And I’m a tall, white, straight, English-speaking, virile, right-handed, credentialed male of European heritage (though Russians are near the bottom of the barrel there, e.g. in their portrayals in American media. But it is helpful for late-night strolls…), or at least enough of one to reap the benefits those all provide beyond what I’ve listed above.

And finally, I’m a human, and not some other sort of organism more subject to suffering and less capable of steering the course of its own destiny and flourishing (and of course here one might object and say that if I were an earthworm or dolphin or something I’d not really be “me”! But if “I” resulted from some other role of the fertilization roulette, or were born to different circumstances or parents, or were born to identical ones but subject to a different collection of chance events, “I” wouldn’t be either. So I only mean that last point insofar as the experiences of nonhumans are comparable to my own — more on this a bit later). And of course these axes are all context-and-goal-dependent: I’d rather be a snowshoe hare if naked outside in the Canadian winter, I’d rather be >30 years of age if trying to run for U.S. Senate, I’d rather not have any friends, close companions, or so forth if living in a gritty, dystopian novel struggling against a tyrannical despot fond of kidnapping and torture as a means of persuasion. These varied axes can also interact in strange and mysterious ways (i.e. it’s not all additive).

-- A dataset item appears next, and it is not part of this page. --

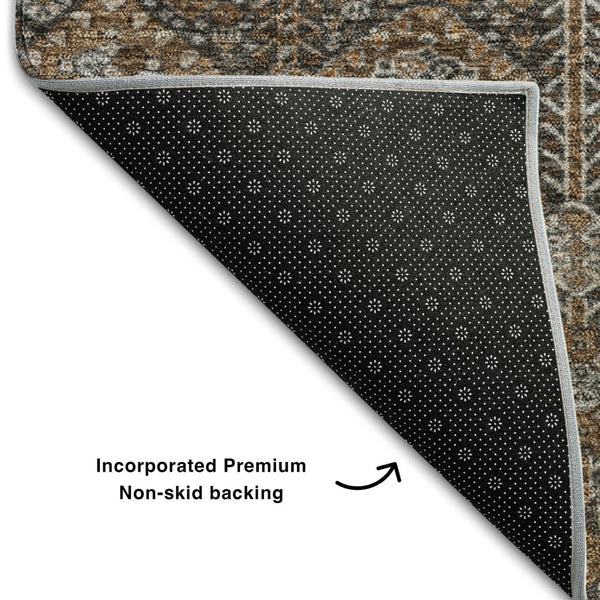 HomeRoots 8' Chocolate and Gray Tribal Round Rug - Durable, Washable, UV Protected, Perfect for High-Traffic Areas 649861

So in all this it’s easy for me to say, sure, none of those things really define who I really am, they don’t really shape my identity, don’t be too quick to ingratiate yourself with some community, etc., as I sit atop my mountain of privilege. Throughout my life I’ve also always been a highly introverted sort, easily able to entertain myself and forming friendships and bonds on an individual basis, rather than to whole social groups. But I can easily see how a less privileged individual would be pushed to “fit in” just to function (in a manner perhaps analogous to declaring gang allegiance upon entry to prison), and so can recognize my own freedom from selection pressures that might have, on some alternate earth, forced me into having a much stronger sense of personal identity. I could also just be spectacularly lacking in introspective ability, and the whole “I don’t feel any special affinity towards masculinity, I’m just me!” thing is just what it’s like to be a cis-man in a cis-normative society, or something.

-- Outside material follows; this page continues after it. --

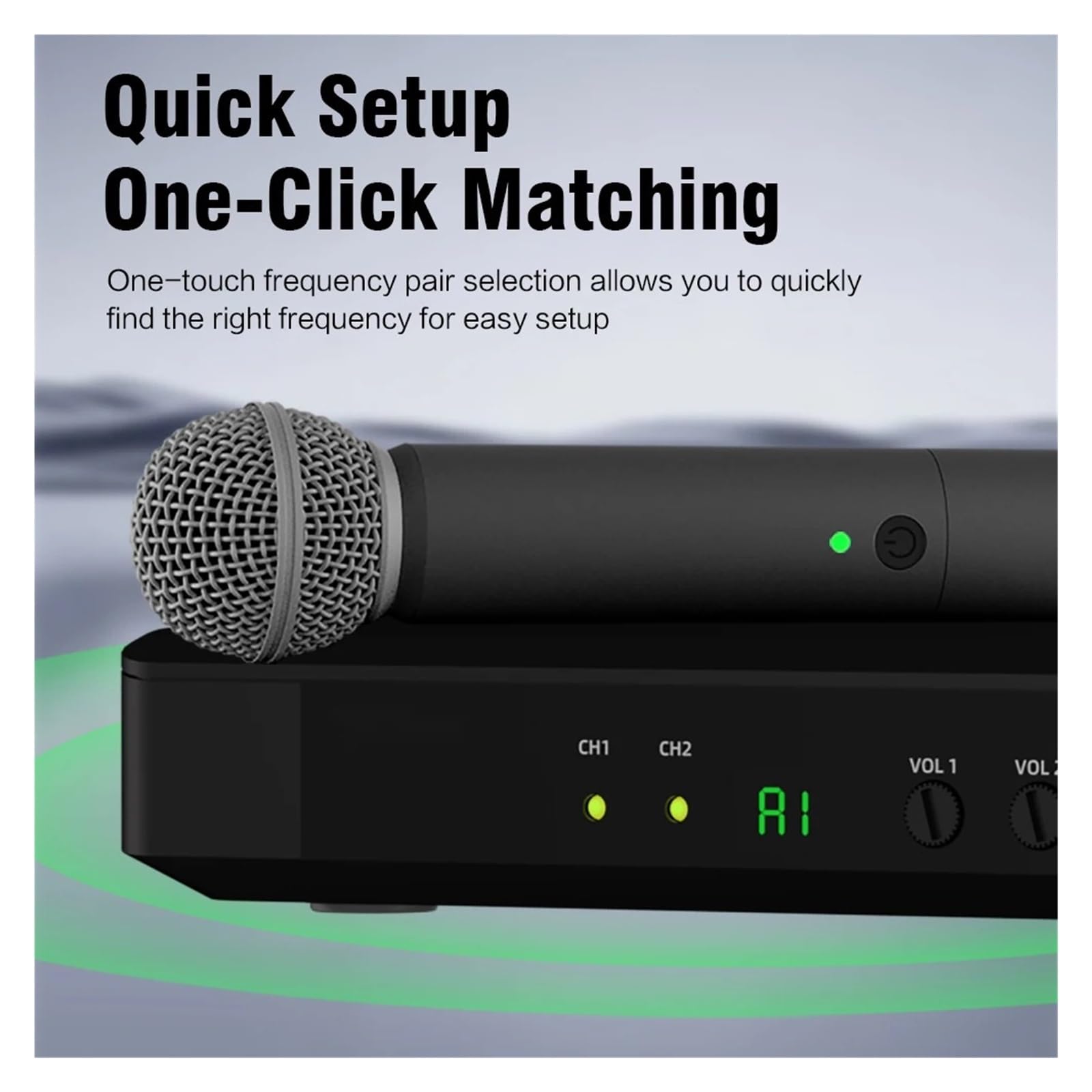 Microfono Wireless Professionale Con Frequenza UHF Regolabile For Karaoke, In Metallo, For Spettacoli Di Feste, Insegnamento Nozze Riproduzione Chiara Del Suono(White)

But all that said, what or who do I identify as? Have I relinquished all worldly attachment, choosing instead to float through the void of perfect liberty and non-self? Of course not. I think the innermost core of my being is a reflection of my values, or my preferences regarding how the world develops and the directions in which I endeavor to push it. In other words, my “ethical beliefs”. Though that’s a tricky phrase to use because “metaethically” I tend to strongly favor anti-realism, relativism, subjectivism, etc. I’m not sure as to the extent these beliefs can be said to be “discovered” or “created” or “chosen”, in some existential sense — a large part of me feels as if I’m just trying to describe what I already value (values which have been shaped by chance factors as well as those that have evolved both culturally and genetically), but another part recognizes the general malleability of my own preferences and how I might steer my future ones in different directions (though this steering is directed by other preferences, including my “preference” to act in a way consistent with those values I explicitly claim as my own).

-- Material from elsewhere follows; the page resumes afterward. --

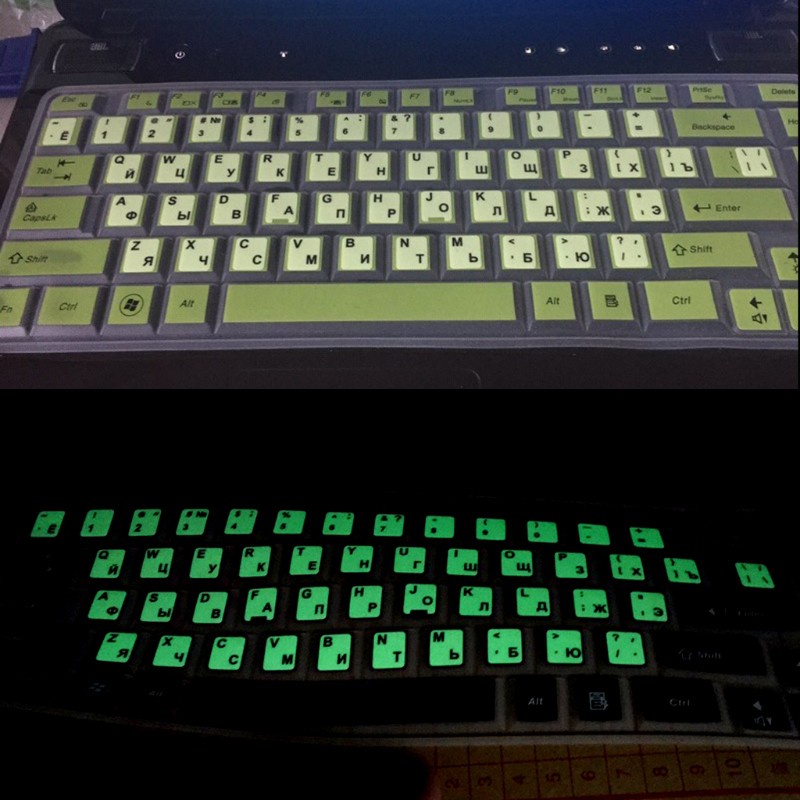 Btsg Stiker Keyboard Luminous Huruf Rusia Ultra Terang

So I’ll usually (informally) conceptualize morality as an inference problem and categorize moral beliefs and values by analogy to model averaging, where I have some internal set of functions over possible futures, ones take as input those futures and output their desirability (or utility), weighted according to some larger plausible distribution of models (whose exact workings might be described by some set of parameters unknown to me, but which seem to fluctuate slightly through time). In other words, I have some internal set of values, ordained by birth or development, IDK, it doesn’t matter. I’m interested in identifying these values that I might better fulfill them, just as my ability to recognize and identify my hunger allows me to take steps to satisfy it, rather than plodding about in intestinal discomfort (“satisfy hunger” is itself a sort of preference, though most of its weight is instrumental — given a genie, I might choose to never need for nourishment again, and lacking a genie I almost only seek to satisfy my hunger insofar as it lets me keep on living to do other things). I might take as observations my own moral intuitions about certain actions, or how I feel after performing them, or my agreement for or against different arguments for various ethical theories. Each ethical theory, then, can be thought of as a model (again, a function over futures that outputs the degrees to which my preferences or values are satisfied), and “observations” can be made to change the degree to which I support or strive to abide by one model or another.

These “models” sometimes agree and sometimes disagree — I am large, I contain multitudes. They are also wrong, in the sense that all models are wrong, but they are useful in guiding my actions in a way that helps to maximize the satisfaction of my values. In a similar way, being able to pinpoint my hunger as a craving for a particular sort of food lets me better extract value from what I eat. Though to clarify, I mean that all models are wrong in a descriptive sense. If we’re talking globally or prescriptively, I tend to lean non-cognitivist, so it’s something of a category error to label different ethics as wrong in the same way we might models.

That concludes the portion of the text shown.